5 - 7 years
Posted 81 days ago
The Senior Data Scientist position develops predictive and prescriptive models based on large-scale datasets to address various business problems through leveraging advanced statistical modeling, operations research, machine learning, or data mining techniques. The Data Scientist will work with other staff in developing demand models, capacity management models, physician supply and demand studies, layout efficiency/optimization analyses, process simulation assessments, financial analysis, and strategic planning for outpatient practices of Mayo Clinic across the enterprise. This position also be responsible to gather, analyze, present findings to leadership. The Data Scientist will provide develop the analytics tools that can be used by other staff with non-technical expertise. Specific duties include: designs experiments, create hypotheses, conduct statistical analyses and build models to drive insights and strategic recommendations; applies advanced statistical and optimization modeling techniques to build, maintain, and improve on multiple real time decision systems; models and frames business scenarios that are meaningful and which impact on critical business processes and/or decisions; leads discovery processes with Institute stakeholders to identify the business requirements and the expected outcome; develops innovative and effective approaches to solve client's analytics problems and communicates results and methodologies; makes strategic recommendations on data collection, integration and retention requirements incorporating business requirements and knowledge of best practices; automating models and metrics that track product performance; integrates analytics with other disciplines to support initiatives, research, and project requirements; communicates insights to key stakeholders, which include technical and non-technical audiences (must be able to understand, interpret and convey technical information to others); demonstrated project management skills, including working with a diverse team, managing budgets, milestones, and schedules; independently manages multiple medium or single institution scale projects of mild to moderate complexity through the entire project life cycle. Identifies, translates and applies best practices on assigned projects; provides mentoring to engineers and other junior data scientists as appropriate with some guidance from leadership.

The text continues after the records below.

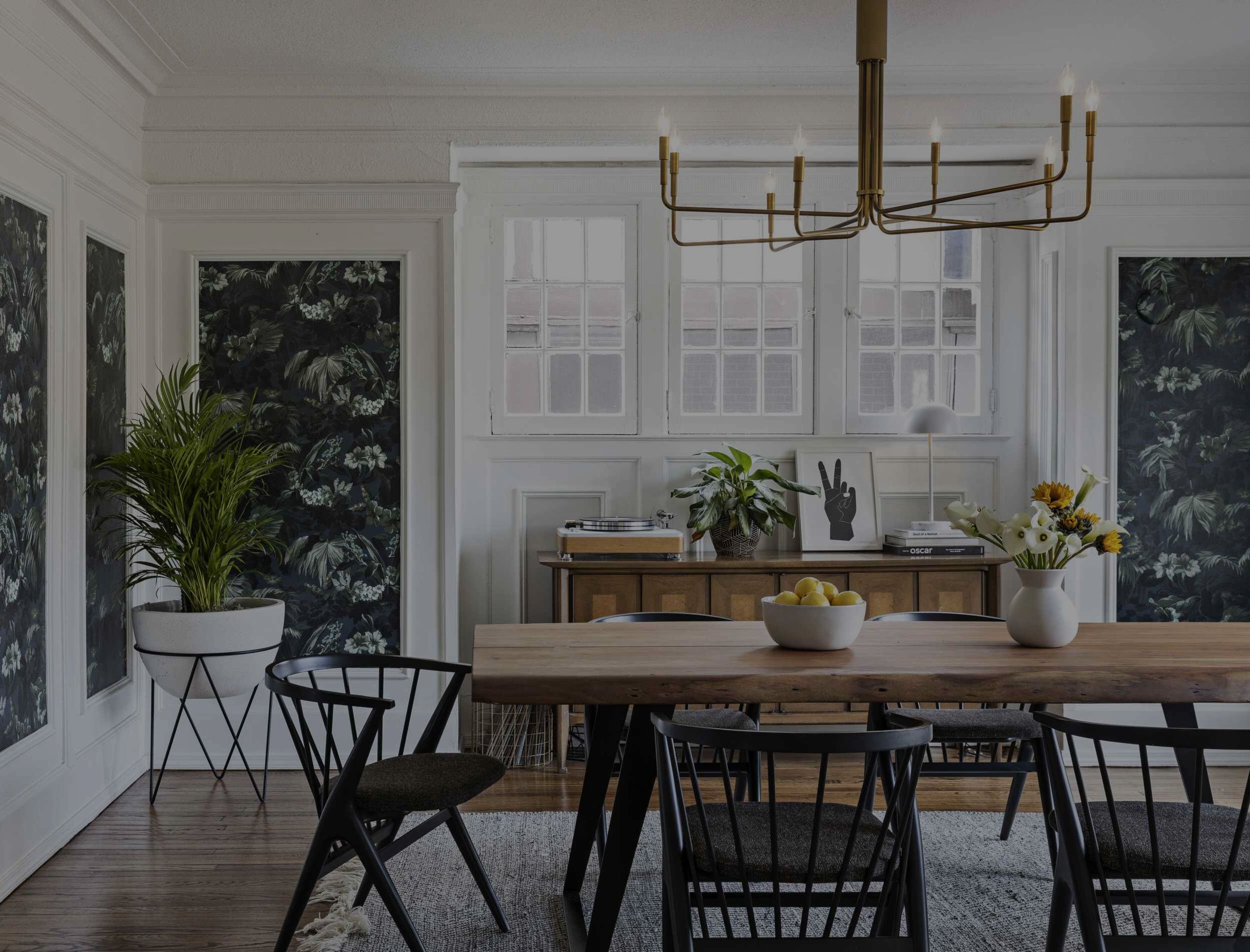 Upgrade Your Dining Room Decor with Simple Elegance
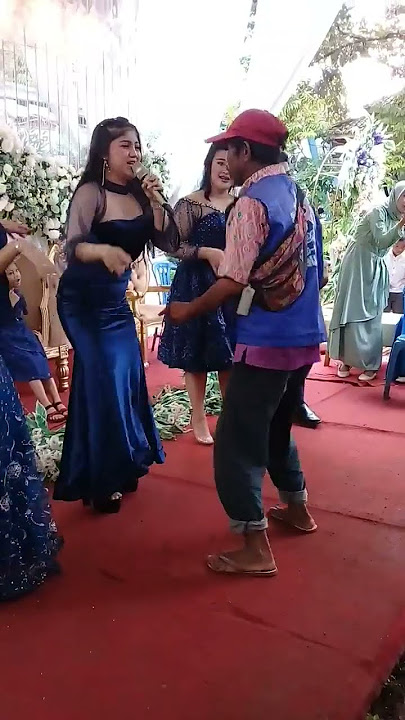 joget heboh ibew kekey witri setiadi ayu wes bareng kang eskrim #shorts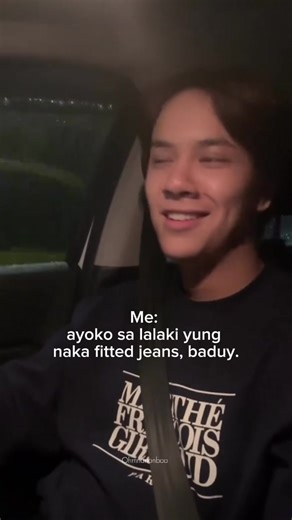 Fitted Jeans Fashion Trends with Ohm Pawat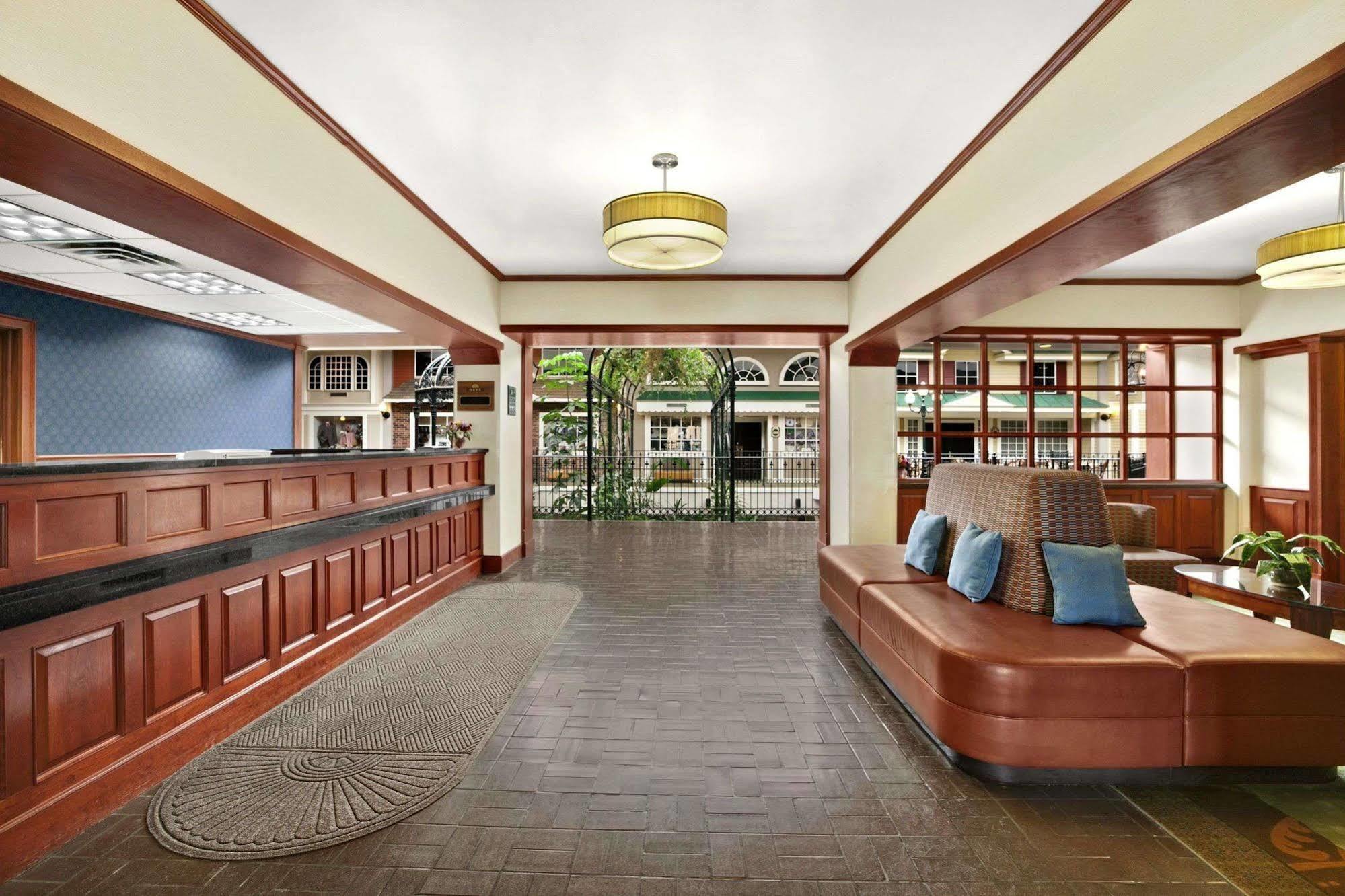 Days By Wyndham Penn State Hotel State College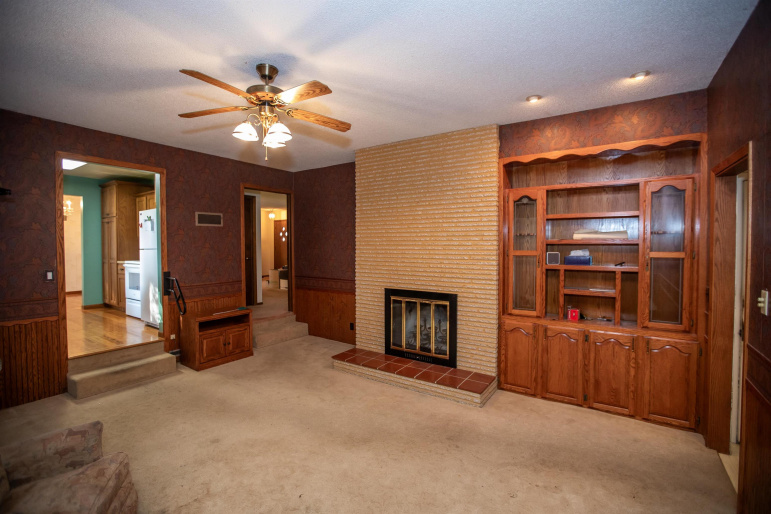 3360 S Southern Hills Drive Hastings, Nebraska 68901, 3 Bedrooms Bedrooms, ,3 BathroomsBathrooms,Residential,For Sale,3360 S Southern Hills Drive,20261280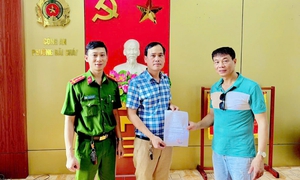 Chuyển khoản nhầm gần 500 triệu, người đàn ông được công an phường hỗ trợ tìm giúp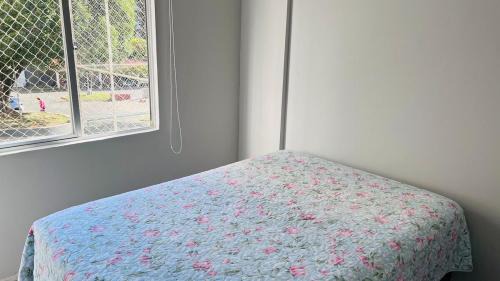 Pioneiros Apartment | Apartamento para casais próximo à roda gigante com uma vaga de garagem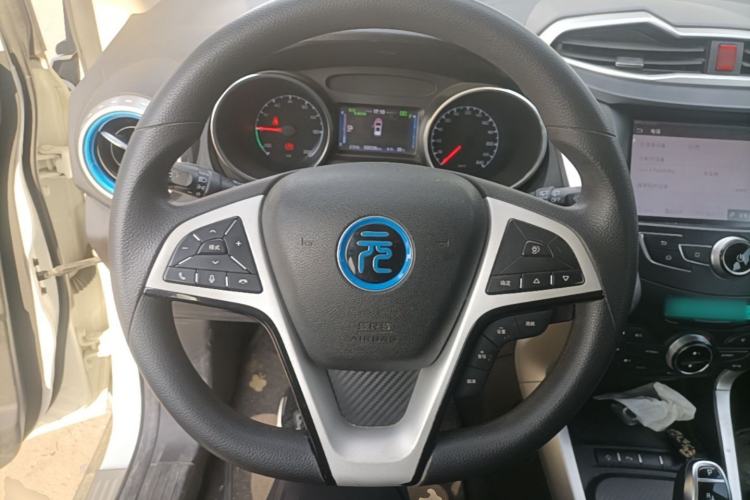 Used BYD Yuan New Energy 2018 EV360 Smart Connect Cool Edition Steering Wheel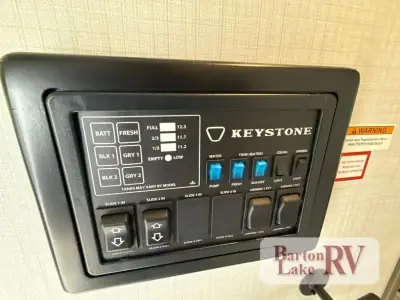 2027 Keystone Cougar Half-Ton 28RLI photo 30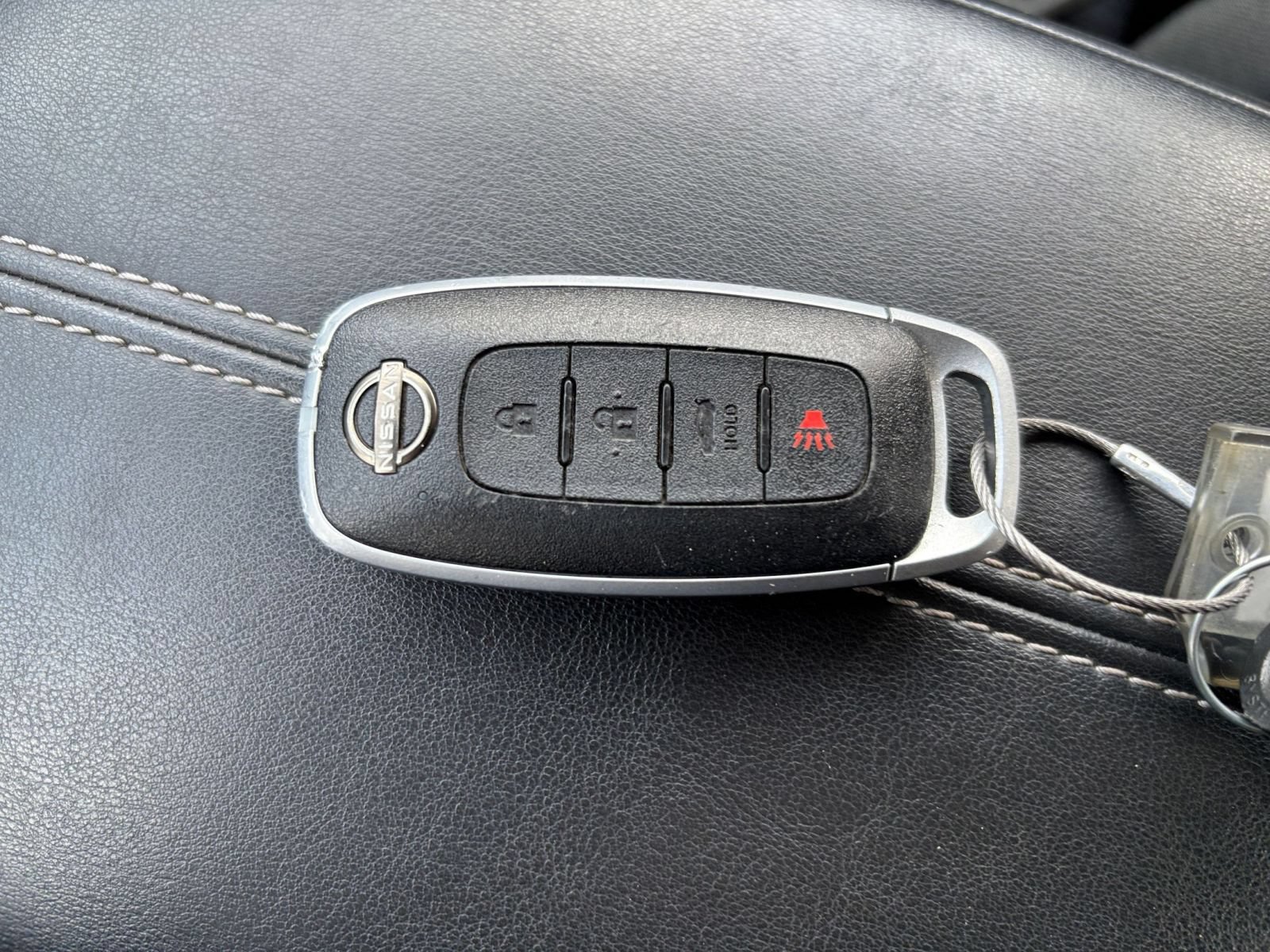 Used 2025 Nissan Sentra SV FWD image 20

Master's degree in management, industrial engineering, statistics, economics systems engineering, operations research, analytics is preferred. If Master's degree: 5 years of relevant experience. If a Doctorate degree: 3 years of relevant experience. Experience in a similar role involving consulting, operations research, statistical modeling, operations analysis, data analytics workflow analysis, staffing analysis, process engineering. Experience using advanced engineering techniques, including operational research, queuing analysis, theory of constraints and simulation. Expected level of experience in software programming using OR packages, simulation, R, Python or SAS, and other data mining tools. Additional
PhD. in industrial engineering, systems engineering, statistics, operations research, business administration. Understanding of health care industry, and associated key performance drivers, business trends, and the latest industry developments in Qualitative, Quantitative and advanced engineering analysis. Demonstrated project management skills, including working with a diverse team, managing budgets, milestones, and schedules. Certified Analytics Professional (CAP) is encouraged.